Only the lines from the one that contains "BERG Pedaal Go-Kart XL Claas BFR" through the last line of the records should appear, each printed exactly as it is.

(Brief descriptive captions)
*** Block opens ***
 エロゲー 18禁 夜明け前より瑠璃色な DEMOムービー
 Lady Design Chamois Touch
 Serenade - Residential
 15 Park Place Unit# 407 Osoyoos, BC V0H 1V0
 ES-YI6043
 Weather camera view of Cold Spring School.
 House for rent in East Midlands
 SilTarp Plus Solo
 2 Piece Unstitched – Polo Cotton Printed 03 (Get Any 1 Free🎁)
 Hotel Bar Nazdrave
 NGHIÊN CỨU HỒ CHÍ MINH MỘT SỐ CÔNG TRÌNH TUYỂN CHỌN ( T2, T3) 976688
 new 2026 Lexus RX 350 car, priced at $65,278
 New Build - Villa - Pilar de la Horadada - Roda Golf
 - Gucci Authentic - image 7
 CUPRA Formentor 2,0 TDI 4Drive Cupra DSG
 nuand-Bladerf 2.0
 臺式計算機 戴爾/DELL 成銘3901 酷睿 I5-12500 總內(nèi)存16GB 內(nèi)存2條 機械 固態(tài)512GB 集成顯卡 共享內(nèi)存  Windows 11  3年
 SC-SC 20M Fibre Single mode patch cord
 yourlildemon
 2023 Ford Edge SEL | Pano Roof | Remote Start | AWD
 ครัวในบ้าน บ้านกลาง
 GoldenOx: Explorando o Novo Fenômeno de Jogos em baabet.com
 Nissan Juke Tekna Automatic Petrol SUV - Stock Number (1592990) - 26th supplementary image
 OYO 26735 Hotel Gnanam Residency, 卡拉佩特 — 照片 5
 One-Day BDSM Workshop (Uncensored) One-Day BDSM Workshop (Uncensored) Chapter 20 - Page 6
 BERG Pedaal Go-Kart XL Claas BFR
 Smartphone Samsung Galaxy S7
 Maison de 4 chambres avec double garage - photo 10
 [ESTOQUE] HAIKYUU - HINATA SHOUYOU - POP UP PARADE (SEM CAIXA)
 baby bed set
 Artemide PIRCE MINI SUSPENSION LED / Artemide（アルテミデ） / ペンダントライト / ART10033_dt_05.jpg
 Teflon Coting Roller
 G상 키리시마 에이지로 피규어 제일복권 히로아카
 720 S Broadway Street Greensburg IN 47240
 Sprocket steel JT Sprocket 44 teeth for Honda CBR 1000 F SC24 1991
*** Block closes ***
▸ SOLUTION TO THIS EXERCISE
 BERG Pedaal Go-Kart XL Claas BFR
 Smartphone Samsung Galaxy S7
 Maison de 4 chambres avec double garage - photo 10
 [ESTOQUE] HAIKYUU - HINATA SHOUYOU - POP UP PARADE (SEM CAIXA)
 baby bed set
 Artemide PIRCE MINI SUSPENSION LED / Artemide（アルテミデ） / ペンダントライト / ART10033_dt_05.jpg
 Teflon Coting Roller
 G상 키리시마 에이지로 피규어 제일복권 히로아카
 720 S Broadway Street Greensburg IN 47240
 Sprocket steel JT Sprocket 44 teeth for Honda CBR 1000 F SC24 1991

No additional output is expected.